How the West can increase funding for Ukraine using Russian resources
According to Strategic Industries Minister Herman Smetanin, Ukraine’s defence industry has the potential to produce US$20 billion worth of goods, but it produced only US$3 billion worth last year.
The main reason is that the ability to produce weapons far exceeds the financial capacity of Ukraine's budget.
Some of our partners have been persuaded to purchase weapons for the Armed Forces of Ukraine from Ukrainian manufacturers, and work to involve others is underway. First and foremost, Russia must be forced to pay.
Denmark, together with the EU, is a pioneer in this regard.
Read more in the article by Olena Halushka, Co-Founder of the International Center for Ukrainian Victory - Kremlin billions for Ukraine's defence: three ways to make Russia pay even during the war.

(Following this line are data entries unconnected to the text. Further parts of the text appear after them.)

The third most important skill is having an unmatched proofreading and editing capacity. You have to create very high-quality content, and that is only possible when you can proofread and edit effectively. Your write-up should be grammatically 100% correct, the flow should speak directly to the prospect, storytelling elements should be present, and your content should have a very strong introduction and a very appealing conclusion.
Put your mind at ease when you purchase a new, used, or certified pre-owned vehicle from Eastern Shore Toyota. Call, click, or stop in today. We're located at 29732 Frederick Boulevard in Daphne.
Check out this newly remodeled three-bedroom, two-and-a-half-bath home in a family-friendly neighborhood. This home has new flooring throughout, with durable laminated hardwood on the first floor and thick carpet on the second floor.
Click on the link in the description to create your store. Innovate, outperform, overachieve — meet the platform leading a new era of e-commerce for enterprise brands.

One of the most frequently discussed options in terms of making Russia pay for its aggression is transferring frozen assets of the Russian Central Bank to Ukraine. These funds, amounting to about US$300 billion, were frozen in G7 and EU countries in the early days of the full-scale invasion.
The first steps towards this have already been taken, although the preparation has been unduly time-consuming. The first tranche of €1.5 billion in proceeds from frozen Russian assets generated in 2024 was allocated through the Ukraine Facility and the European Peace Fund (which covers defence expenses). €400 million of this amount was used to purchase Ukrainian howitzers through the Danish mechanism.
In addition, the G7 countries have politically agreed to issue loans to Ukraine totalling $50 billion and are currently working on mechanisms. They anticipate that this money will be repaid using income from frozen Russian assets. However, no final decision has been made, either on the terms of the loans or on who will provide them.
It is also crucial to develop safeguards in case anything goes wrong.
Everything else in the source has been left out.